▶ _Your task_:
For the material below, output exactly the span from the line with "Apartament cu 4 camere, mobilat în Triaj" to the line with "Camisa de franela", including both, and nothing besides.

▶ _Provided records_:
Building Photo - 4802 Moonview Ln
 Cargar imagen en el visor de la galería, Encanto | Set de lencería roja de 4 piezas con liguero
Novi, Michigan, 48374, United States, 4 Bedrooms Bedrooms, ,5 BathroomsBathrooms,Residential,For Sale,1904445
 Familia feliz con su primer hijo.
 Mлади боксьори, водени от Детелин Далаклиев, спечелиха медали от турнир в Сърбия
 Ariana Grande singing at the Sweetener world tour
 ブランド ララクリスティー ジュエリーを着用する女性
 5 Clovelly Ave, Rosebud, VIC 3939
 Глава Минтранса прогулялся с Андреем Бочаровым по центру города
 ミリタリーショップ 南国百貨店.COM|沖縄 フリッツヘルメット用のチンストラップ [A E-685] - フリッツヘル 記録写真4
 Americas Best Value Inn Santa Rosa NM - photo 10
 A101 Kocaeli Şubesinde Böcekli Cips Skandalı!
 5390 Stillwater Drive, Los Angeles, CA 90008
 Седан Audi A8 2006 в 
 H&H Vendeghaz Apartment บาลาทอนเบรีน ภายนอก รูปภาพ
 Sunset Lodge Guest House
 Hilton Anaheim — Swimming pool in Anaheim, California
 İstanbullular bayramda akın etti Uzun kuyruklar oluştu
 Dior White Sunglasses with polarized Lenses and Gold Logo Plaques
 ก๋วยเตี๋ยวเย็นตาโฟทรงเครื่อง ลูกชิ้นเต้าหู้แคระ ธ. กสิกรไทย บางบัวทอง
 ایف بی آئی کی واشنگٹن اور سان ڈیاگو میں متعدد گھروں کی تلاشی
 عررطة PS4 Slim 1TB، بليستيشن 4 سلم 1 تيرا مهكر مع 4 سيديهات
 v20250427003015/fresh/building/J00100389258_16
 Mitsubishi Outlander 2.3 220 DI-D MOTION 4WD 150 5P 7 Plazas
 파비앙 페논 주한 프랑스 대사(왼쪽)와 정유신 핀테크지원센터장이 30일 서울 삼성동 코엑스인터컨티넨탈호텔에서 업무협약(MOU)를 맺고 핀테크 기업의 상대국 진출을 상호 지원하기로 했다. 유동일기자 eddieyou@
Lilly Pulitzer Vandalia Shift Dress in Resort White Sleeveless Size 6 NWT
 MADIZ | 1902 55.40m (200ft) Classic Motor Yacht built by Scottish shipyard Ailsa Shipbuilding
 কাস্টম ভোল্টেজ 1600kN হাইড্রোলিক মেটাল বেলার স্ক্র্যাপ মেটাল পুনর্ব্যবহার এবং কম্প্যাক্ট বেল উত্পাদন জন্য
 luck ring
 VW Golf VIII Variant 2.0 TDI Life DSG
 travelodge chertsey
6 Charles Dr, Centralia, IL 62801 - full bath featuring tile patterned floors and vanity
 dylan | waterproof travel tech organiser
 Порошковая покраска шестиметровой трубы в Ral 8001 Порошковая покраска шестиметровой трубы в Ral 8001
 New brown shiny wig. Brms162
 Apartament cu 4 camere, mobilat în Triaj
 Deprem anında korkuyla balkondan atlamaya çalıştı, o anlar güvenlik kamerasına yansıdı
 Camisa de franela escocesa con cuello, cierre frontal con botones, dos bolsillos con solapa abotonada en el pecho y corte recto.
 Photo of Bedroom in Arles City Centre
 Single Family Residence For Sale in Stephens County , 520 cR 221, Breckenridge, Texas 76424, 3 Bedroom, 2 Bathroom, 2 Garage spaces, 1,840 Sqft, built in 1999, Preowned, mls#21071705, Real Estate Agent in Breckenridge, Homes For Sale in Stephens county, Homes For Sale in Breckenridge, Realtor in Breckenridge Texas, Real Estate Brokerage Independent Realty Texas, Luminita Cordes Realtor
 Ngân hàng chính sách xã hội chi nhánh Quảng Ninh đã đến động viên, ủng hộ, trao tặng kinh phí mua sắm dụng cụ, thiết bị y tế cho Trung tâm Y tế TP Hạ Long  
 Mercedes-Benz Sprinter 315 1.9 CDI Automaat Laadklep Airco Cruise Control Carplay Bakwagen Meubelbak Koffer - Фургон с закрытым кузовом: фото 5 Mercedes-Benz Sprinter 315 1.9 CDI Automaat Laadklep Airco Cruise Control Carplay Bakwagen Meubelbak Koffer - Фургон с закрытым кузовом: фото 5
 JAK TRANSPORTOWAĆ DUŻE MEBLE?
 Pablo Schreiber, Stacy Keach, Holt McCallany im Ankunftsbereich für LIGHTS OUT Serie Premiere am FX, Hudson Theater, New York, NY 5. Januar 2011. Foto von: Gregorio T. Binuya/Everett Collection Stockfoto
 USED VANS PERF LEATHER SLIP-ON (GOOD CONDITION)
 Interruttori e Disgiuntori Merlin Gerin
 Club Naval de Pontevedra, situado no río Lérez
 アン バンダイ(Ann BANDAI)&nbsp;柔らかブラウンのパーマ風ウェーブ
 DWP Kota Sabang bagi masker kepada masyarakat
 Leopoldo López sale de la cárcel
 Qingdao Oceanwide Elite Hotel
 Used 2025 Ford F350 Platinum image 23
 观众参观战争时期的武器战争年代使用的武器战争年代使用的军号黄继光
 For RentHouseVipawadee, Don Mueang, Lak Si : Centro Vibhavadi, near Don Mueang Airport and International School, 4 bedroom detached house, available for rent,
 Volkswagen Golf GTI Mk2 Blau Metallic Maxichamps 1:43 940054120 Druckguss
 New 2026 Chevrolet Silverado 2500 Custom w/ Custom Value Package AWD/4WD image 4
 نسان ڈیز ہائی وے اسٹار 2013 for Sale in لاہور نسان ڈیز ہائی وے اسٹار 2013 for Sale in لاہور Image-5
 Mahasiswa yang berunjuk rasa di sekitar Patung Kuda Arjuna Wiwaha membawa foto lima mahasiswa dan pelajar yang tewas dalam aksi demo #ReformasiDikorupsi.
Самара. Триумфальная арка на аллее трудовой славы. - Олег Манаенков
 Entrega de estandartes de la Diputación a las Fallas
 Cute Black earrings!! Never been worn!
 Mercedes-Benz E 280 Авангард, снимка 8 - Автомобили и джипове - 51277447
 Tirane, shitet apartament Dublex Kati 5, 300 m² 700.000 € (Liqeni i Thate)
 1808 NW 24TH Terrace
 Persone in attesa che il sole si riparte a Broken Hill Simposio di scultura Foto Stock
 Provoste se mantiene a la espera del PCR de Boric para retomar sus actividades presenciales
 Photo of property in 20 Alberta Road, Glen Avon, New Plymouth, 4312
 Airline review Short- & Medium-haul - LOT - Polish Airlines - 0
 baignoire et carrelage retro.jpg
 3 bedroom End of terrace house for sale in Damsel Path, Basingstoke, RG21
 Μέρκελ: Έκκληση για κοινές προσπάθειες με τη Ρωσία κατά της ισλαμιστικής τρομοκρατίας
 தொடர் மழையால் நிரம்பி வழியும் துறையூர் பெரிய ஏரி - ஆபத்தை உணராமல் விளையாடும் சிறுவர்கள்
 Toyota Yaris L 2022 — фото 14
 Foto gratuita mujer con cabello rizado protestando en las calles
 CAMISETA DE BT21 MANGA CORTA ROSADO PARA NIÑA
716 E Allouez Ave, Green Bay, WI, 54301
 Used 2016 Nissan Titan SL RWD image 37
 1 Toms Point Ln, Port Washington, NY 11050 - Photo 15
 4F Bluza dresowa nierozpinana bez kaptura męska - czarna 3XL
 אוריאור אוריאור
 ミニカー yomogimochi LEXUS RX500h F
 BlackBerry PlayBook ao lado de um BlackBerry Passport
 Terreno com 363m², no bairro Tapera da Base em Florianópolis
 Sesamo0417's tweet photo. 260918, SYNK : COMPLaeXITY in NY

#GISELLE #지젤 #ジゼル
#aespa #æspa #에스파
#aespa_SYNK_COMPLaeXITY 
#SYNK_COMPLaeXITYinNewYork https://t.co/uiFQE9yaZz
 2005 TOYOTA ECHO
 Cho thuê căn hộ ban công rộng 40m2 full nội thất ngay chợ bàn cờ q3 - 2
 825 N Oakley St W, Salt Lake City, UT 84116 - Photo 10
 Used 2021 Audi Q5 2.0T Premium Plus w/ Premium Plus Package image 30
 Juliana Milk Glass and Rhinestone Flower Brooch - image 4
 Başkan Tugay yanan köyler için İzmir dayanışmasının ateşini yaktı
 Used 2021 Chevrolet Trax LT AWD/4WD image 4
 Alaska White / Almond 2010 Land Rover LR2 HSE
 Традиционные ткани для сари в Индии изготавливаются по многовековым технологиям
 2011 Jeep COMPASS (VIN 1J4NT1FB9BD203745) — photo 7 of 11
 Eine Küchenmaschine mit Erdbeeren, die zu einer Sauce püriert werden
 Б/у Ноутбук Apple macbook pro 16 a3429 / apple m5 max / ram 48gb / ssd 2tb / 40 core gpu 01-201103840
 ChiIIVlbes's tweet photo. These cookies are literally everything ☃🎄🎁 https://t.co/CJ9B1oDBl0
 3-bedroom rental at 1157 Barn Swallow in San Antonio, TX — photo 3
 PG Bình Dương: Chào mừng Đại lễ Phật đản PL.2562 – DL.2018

▶ _Response below_:
 Apartament cu 4 camere, mobilat în Triaj
 Deprem anında korkuyla balkondan atlamaya çalıştı, o anlar güvenlik kamerasına yansıdı
 Camisa de franela escocesa con cuello, cierre frontal con botones, dos bolsillos con solapa abotonada en el pecho y corte recto.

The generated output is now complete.